> _What the task requires_
Look through the lines below and copy each one that includes "Frame".

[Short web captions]
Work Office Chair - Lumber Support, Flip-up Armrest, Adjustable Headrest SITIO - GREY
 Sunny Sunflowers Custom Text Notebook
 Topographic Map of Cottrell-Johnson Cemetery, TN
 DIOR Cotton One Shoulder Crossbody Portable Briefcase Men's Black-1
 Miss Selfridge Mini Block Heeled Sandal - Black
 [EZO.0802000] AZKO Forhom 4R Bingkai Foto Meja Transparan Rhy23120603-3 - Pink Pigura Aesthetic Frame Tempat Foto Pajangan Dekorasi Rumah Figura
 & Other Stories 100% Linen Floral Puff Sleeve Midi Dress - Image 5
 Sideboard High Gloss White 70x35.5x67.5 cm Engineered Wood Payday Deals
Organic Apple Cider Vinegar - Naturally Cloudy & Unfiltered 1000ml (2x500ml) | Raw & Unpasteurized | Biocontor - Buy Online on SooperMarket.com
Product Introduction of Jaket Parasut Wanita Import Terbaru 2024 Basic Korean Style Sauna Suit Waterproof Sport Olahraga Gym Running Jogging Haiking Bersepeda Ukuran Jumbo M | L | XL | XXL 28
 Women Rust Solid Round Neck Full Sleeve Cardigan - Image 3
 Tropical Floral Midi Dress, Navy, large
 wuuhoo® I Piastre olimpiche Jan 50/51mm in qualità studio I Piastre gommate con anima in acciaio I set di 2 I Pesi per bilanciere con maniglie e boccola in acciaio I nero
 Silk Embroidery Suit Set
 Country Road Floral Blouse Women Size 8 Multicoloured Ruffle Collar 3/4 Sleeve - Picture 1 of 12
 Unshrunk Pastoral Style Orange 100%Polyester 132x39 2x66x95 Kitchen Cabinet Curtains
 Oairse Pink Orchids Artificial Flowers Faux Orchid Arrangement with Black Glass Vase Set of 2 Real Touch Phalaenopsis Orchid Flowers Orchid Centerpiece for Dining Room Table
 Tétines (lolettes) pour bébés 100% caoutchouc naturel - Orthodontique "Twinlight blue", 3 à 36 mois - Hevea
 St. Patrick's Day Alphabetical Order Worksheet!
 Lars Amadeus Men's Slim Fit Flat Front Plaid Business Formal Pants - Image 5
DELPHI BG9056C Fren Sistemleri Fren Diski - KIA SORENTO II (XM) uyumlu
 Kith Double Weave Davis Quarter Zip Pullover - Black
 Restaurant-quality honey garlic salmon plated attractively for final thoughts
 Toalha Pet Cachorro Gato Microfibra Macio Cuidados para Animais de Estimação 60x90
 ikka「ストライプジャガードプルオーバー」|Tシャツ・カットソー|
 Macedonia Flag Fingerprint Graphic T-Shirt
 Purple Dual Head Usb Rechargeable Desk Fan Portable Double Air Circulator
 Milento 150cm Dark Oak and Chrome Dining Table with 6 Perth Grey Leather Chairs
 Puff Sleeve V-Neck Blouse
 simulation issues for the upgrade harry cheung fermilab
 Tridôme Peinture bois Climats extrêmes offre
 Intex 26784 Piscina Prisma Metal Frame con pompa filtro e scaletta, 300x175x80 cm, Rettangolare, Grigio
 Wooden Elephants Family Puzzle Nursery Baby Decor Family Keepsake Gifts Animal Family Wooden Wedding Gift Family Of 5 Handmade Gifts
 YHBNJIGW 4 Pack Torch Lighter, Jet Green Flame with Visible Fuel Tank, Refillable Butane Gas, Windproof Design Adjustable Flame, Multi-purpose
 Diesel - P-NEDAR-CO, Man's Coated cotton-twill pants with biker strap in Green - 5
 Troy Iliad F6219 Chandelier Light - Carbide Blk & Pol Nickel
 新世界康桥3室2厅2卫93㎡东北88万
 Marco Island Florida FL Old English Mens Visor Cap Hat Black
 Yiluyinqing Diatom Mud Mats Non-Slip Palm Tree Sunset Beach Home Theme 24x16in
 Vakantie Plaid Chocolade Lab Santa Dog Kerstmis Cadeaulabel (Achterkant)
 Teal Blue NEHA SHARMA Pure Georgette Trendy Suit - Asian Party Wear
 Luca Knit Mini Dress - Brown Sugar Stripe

> _Answer to this task_
 [EZO.0802000] AZKO Forhom 4R Bingkai Foto Meja Transparan Rhy23120603-3 - Pink Pigura Aesthetic Frame Tempat Foto Pajangan Dekorasi Rumah Figura
 Intex 26784 Piscina Prisma Metal Frame con pompa filtro e scaletta, 300x175x80 cm, Rettangolare, Grigio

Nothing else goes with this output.